Data supplied:

▼

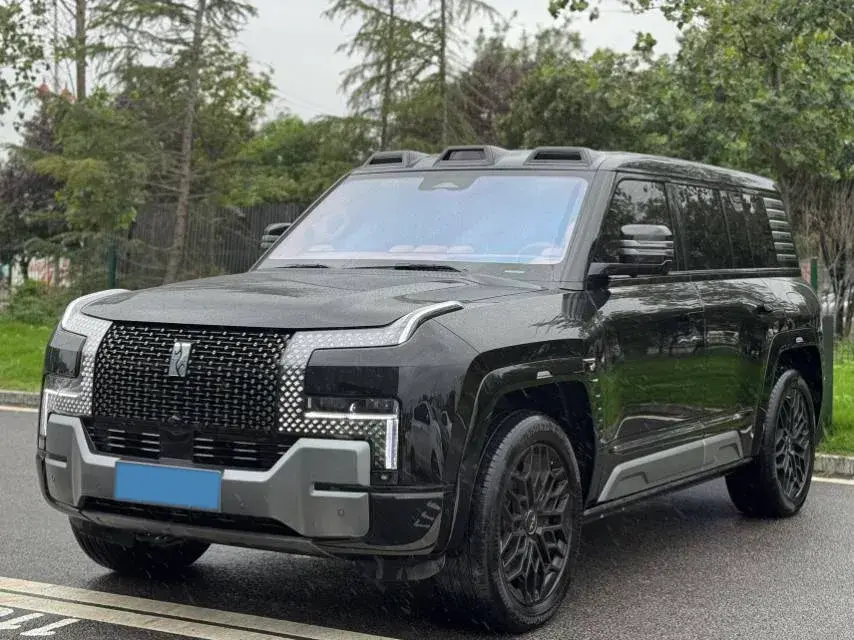 2023 YANGWANG U8 view 1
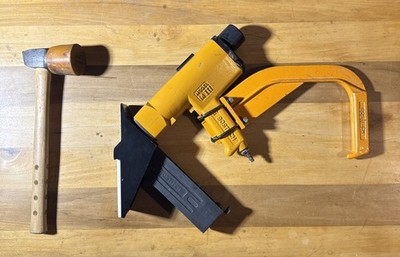 LIGHTLY USED BOSTITCH M3 PNEUMATIC HARDWOOD FLOORING STAPLER WITH HAMMER
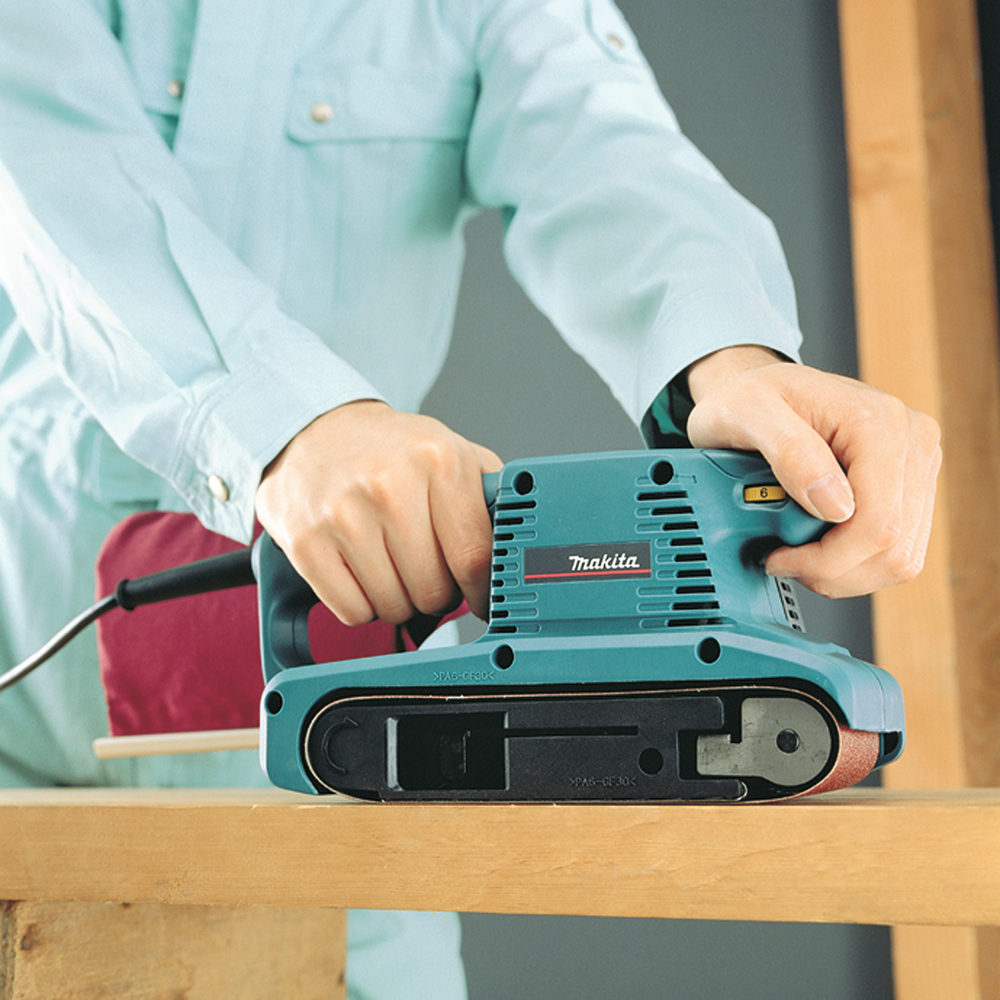 Makita Bandschleifer 9911J - 650 Watt - 76 mm - im Koffer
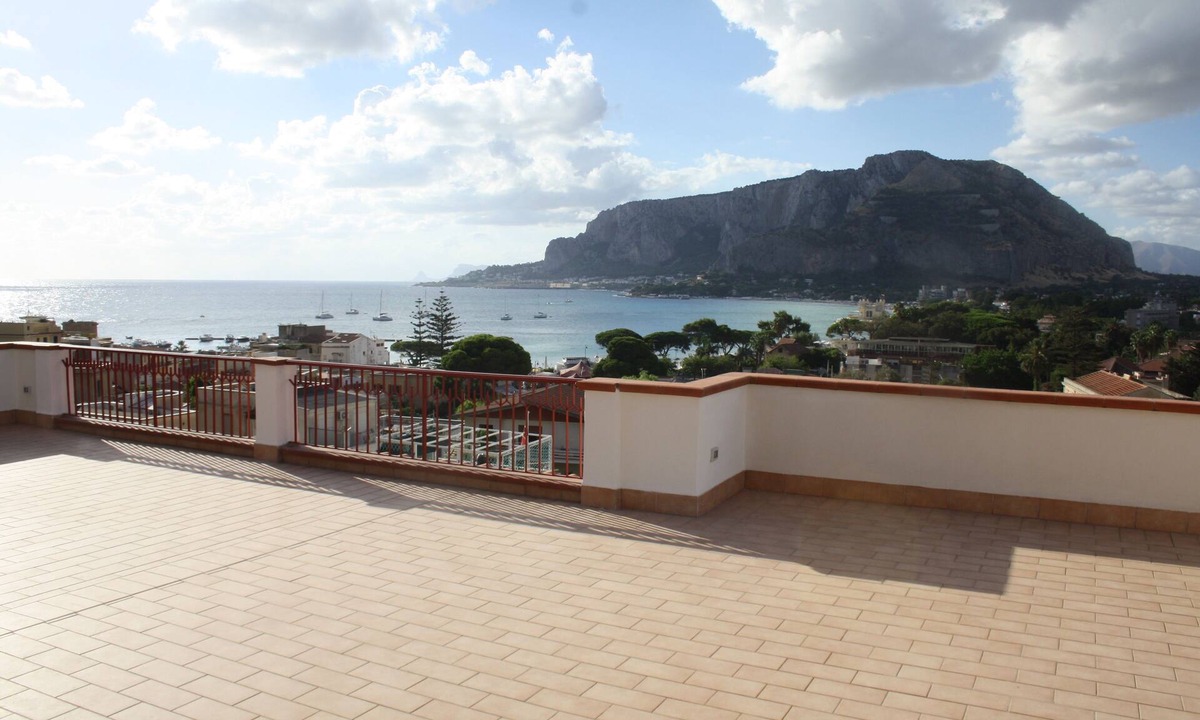 Mondello Villa | Villa Nice Mondello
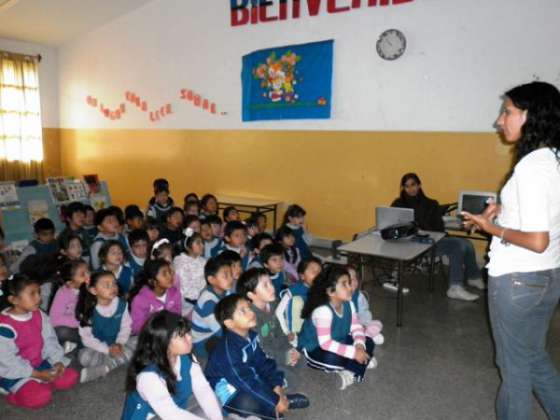 Capacitan a alumnos sobre el cuidado del ambiente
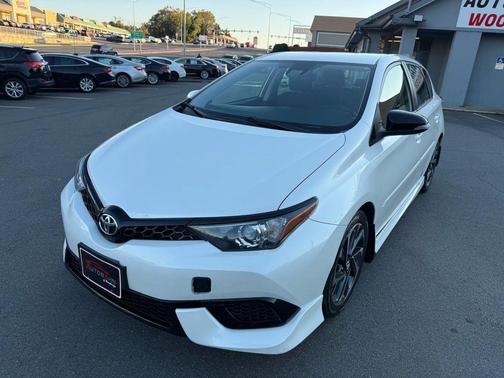 2017 Toyota Corolla iM Base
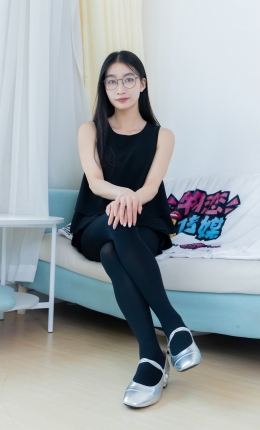 【物恋摄影】2249期：小影-低跟鞋、厚黑丝（150P+V）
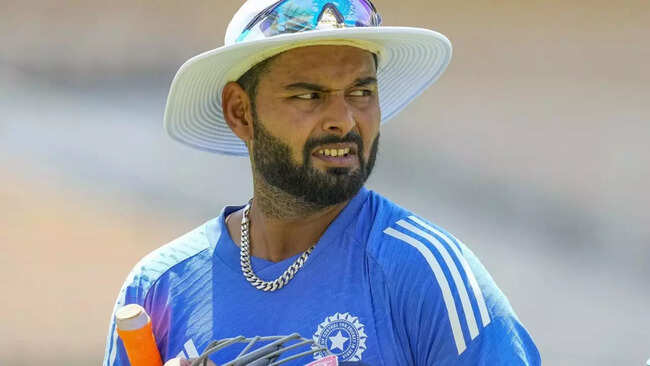 Ex-India cricketer warns against overloading Rishabh Pant after long hiatus post major car accident
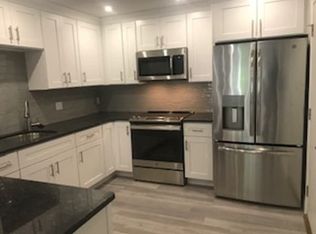 1077 Chestnut St APT 2, Newton, MA 02464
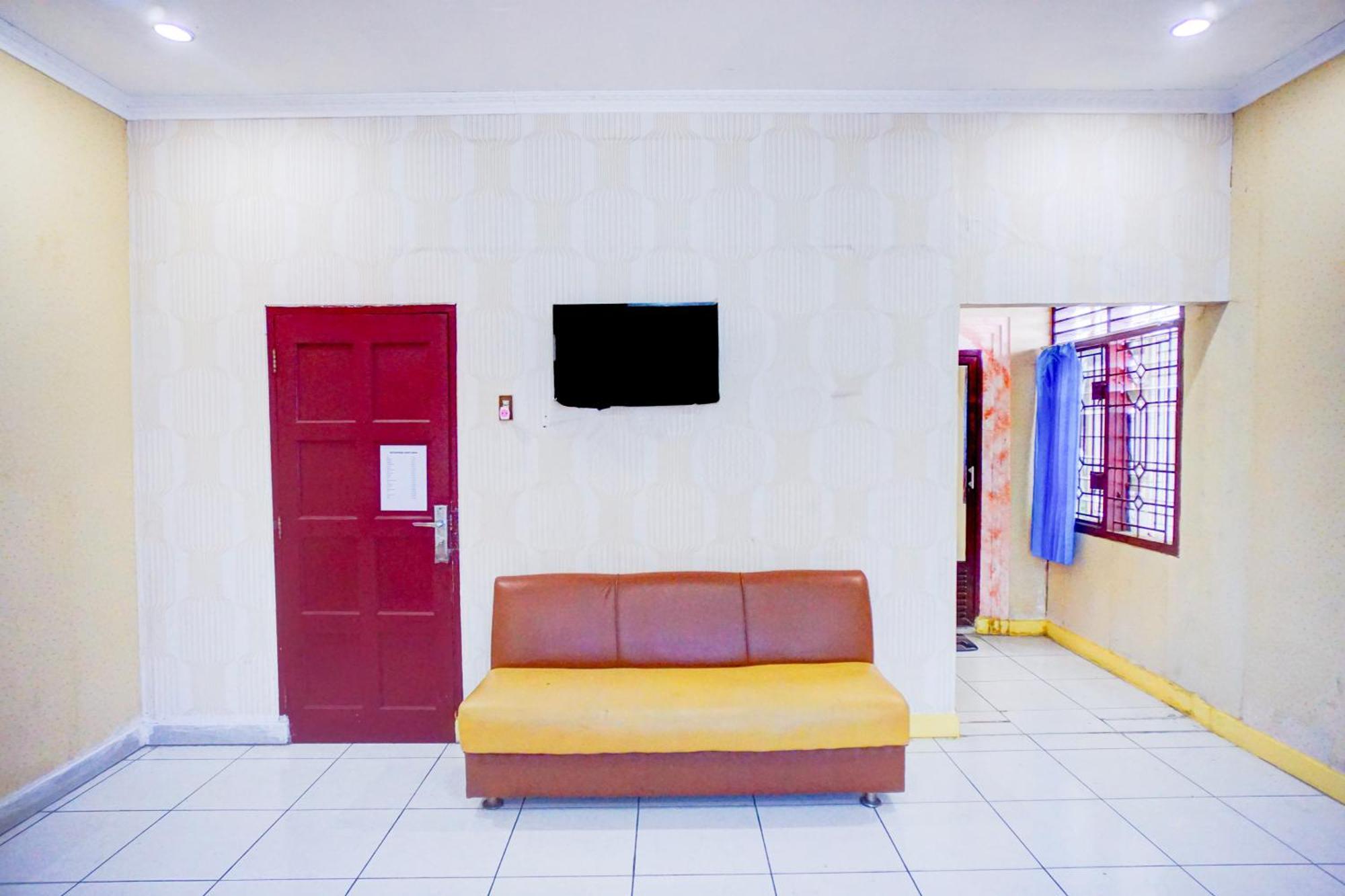 RedDoorz Plus near Istana Maimun Medan Bagian luar foto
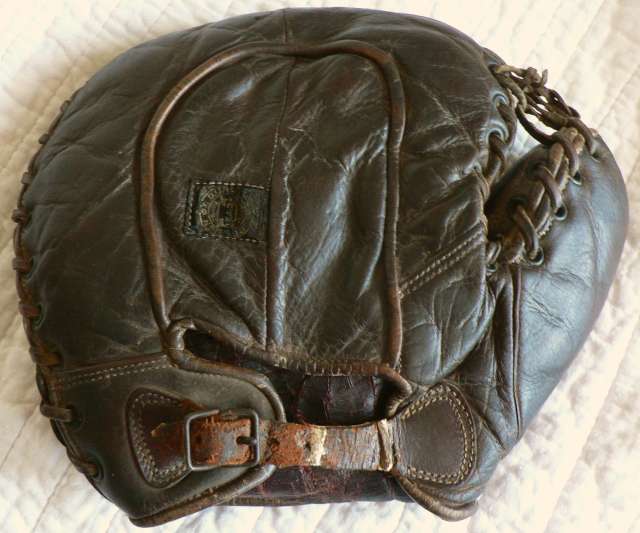 A.J. Reach Basemitt Black Back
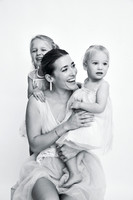 mother-and-two-daughters-studio-photoshoot-sydney-raiynekim (6)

▲

Description of the task: Return all the data exactly, and keep the pictures out.

Exercise output:
 2023 YANGWANG U8 view 1
 LIGHTLY USED BOSTITCH M3 PNEUMATIC HARDWOOD FLOORING STAPLER WITH HAMMER
 Makita Bandschleifer 9911J - 650 Watt - 76 mm - im Koffer
 Mondello Villa | Villa Nice Mondello
 Capacitan a alumnos sobre el cuidado del ambiente
 2017 Toyota Corolla iM Base
 【物恋摄影】2249期：小影-低跟鞋、厚黑丝（150P+V）
 Ex-India cricketer warns against overloading Rishabh Pant after long hiatus post major car accident
 1077 Chestnut St APT 2, Newton, MA 02464
 RedDoorz Plus near Istana Maimun Medan Bagian luar foto
 A.J. Reach Basemitt Black Back
 mother-and-two-daughters-studio-photoshoot-sydney-raiynekim (6)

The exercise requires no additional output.